There is a painting of a skate in this startling exhibition that amounts to nothing less than a portrait. It shows the voluminous fish sprawled flaccidly on a table. The ruffed white body spreads like fancy dress around the head, which is propped up so that the eyes are staring straight at the viewer. The fish wears a tragicomic expression, slightly humiliated, as if caught drinking too much. Or perhaps it had only just dined, before becoming dinner itself.
The Skate is very famous in Ensor’s native Belgium and pretty much the opposite here – and the same is true of the artist. James Ensor (1860-1949) was born in Ostend, the son of an English engineer; he had a British passport and spent time in London. But while we may think of him as the master of the masks – literally: he appears surrounded by them in one self-portrait – he is regarded as infinitely more various across the Channel, and so he now appears in this Royal Academy show.
Here is a frightening painting of a bathing hut, solitary and remote – number 164 all alone on the cold grey shore; what happened to the others? Here is Ensor’s mother on her deathbed in a most delicate and loving portrait, the nose taking prowess in the sinking face. Here are dark figures receding through the Ostend fog, and a spectacular painting of Adam and Eve fleeing an avenging angel in the form of a gigantic firework reaching out of the sky. Eden is low-lying Flanders.

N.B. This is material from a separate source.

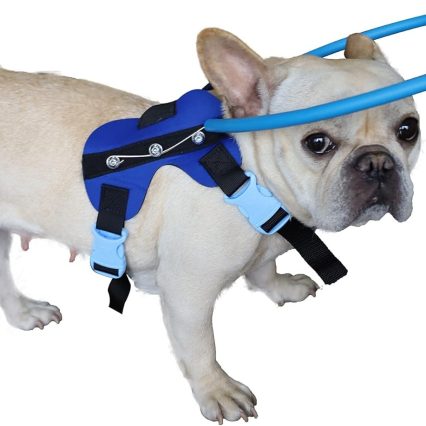 Dispositivo guía de arnés ciego para perro M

Christ hangs on the cross surrounded by a crowd of Ostenders, not all of them duly solemn. A colossal storm of paint builds above the rooftops and high-tide flags of this port. Afternoon in Ostend is more like night, an arsenical green glow to this bourgeois interior in which two women take tea – one looking helplessly out at the painter, as if in hope of escape from this prison of disaffection and boredom.
What unites such disparate images is their peculiarly exuberant energy. Ensor is festive even when devastating or macabre. His drawing is lithe and precise, unfurling prolifically in vibrant space; his painting is celebrated for its gorgeous beauty, the brushmarks radiating across the canvas in lavish density. With the masks, his palette turns to exhilarating hues of pink, white, ochre, mint green and bright, seaside blue.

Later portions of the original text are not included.